Division of Infection, Immunity & Respiratory Medicine, University of Manchester, Manchester University NHS Hospital Trust, Manchester, UK.
Int J Chron Obstruct Pulmon Dis. 2022 Sep 6;17:2127-2136. doi: 10.2147/COPD.S365771. eCollection 2022.
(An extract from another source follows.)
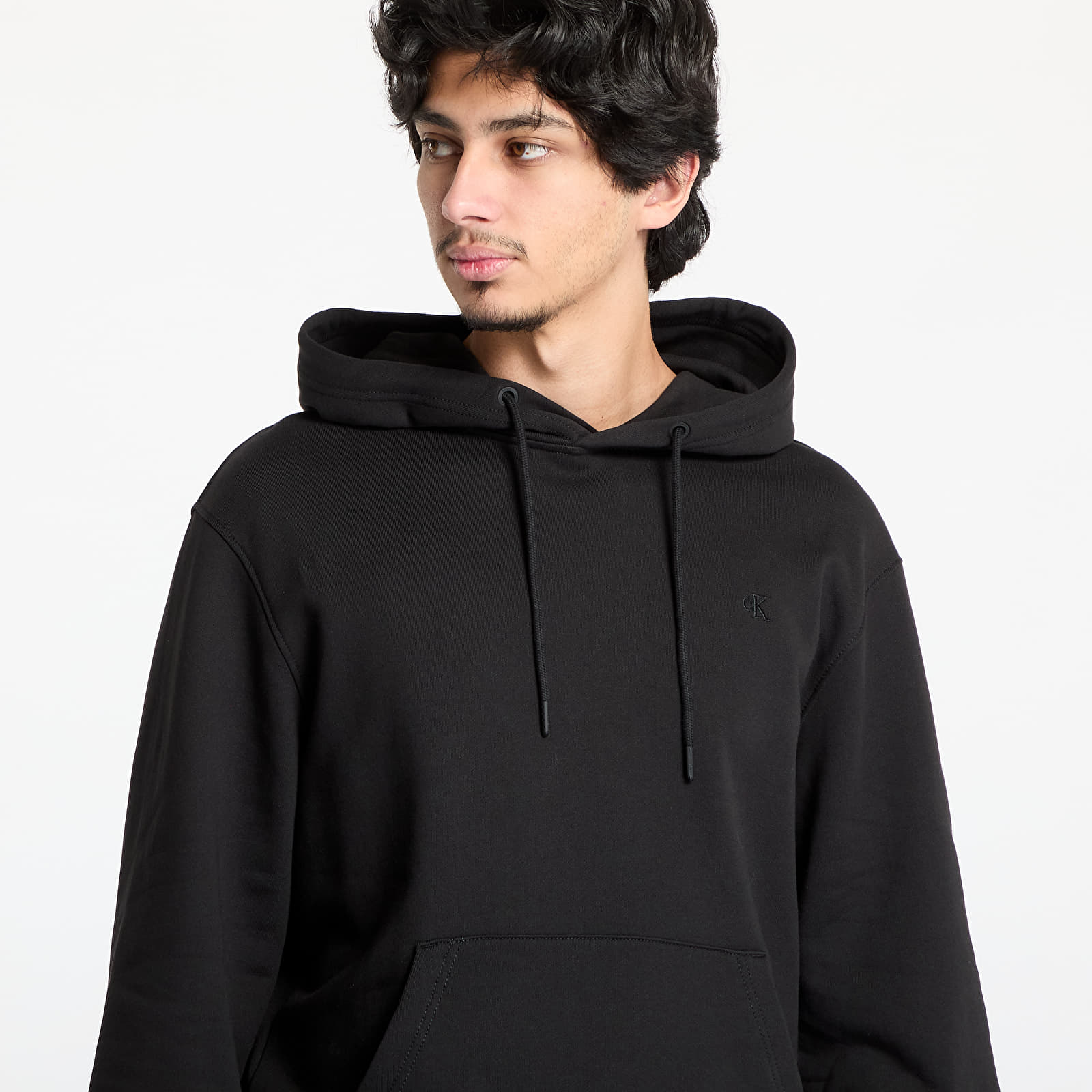 Sudaderas de hombre Calvin Klein Jeans Typeface Graphic Hoodie Black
Chronic obstructive pulmonary disease (COPD) is a major cause of morbidity and mortality worldwide; many recent advances have been made in many aspects of the disease. The aim of this article is to illustrate and discuss some of these advances in the management of different types of patients. Large-scale trials have confirmed that long-acting bronchodilator therapy, particularly using the combination of LABA/LAMA, remains the mainstay of COPD treatment, with special attention being paid to careful selection of inhaler devices. The initial choice of pharmacological therapy is based on the GOLD ABCD grouping of patients. It is very important to stress that there is a need to implement a management cycle because COPD is a chronic disease with varying clinical course and a high number of potential comorbidities that may affect morbidity and mortality. Therefore, regular reevaluation of the patient is mandatory. This allows identification of characteristics aimed at maximizing the benefits for a specific patient or a subset of patients. Within this context, the role of the blood eosinophil count as a marker of inhaled corticosteroids response to prevent future exacerbations in patients who, despite appropriate bronchodilator therapy, still suffer from them has been proven to be a useful simple biomarker in medication selection. These advances support the concept of precision medicine, with the goal that patients get the right medicine at the right time for the right reason. Finally, recent studies have shown that early life events may be of critical relevance for the development of COPD. With this as a background, concepts to identify individuals at risk and early identification of cases have become an important objective of current research with the hope of maximizing the effects of therapy and the possibility of impacting disease progression.
慢性阻塞性肺疾病(COPD)是全球发病率和死亡率的主要原因;在疾病的许多方面都取得了许多最新进展。本文旨在说明和讨论在管理不同类型患者方面的一些进展。大规模试验证实,长效支气管扩张剂治疗,特别是使用 LABA/LAMA 联合治疗,仍然是 COPD 治疗的主要方法,特别注意仔细选择吸入装置。药物治疗的初始选择基于 GOLD ABCD 患者分组。非常重要的是要强调,需要实施管理周期,因为 COPD 是一种具有不同临床过程和许多潜在合并症的慢性疾病,这些合并症可能会影响发病率和死亡率。因此,定期重新评估患者是强制性的。这可以识别出旨在为特定患者或特定患者子集最大化获益的特征。在这种情况下,血液嗜酸性粒细胞计数作为吸入性皮质类固醇反应的标志物的作用已被证明是一种有用的简单生物标志物,可用于预防仍在接受适当支气管扩张剂治疗但仍有病情加重的患者未来发生恶化。这些进展支持精准医学的概念,目标是患者在正确的时间因正确的原因获得正确的药物。最后,最近的研究表明,早期生活事件可能对 COPD 的发展至关重要。有鉴于此,确定有风险的个体和早期识别病例的概念已成为当前研究的重要目标,希望最大限度地提高治疗效果并有可能影响疾病进展。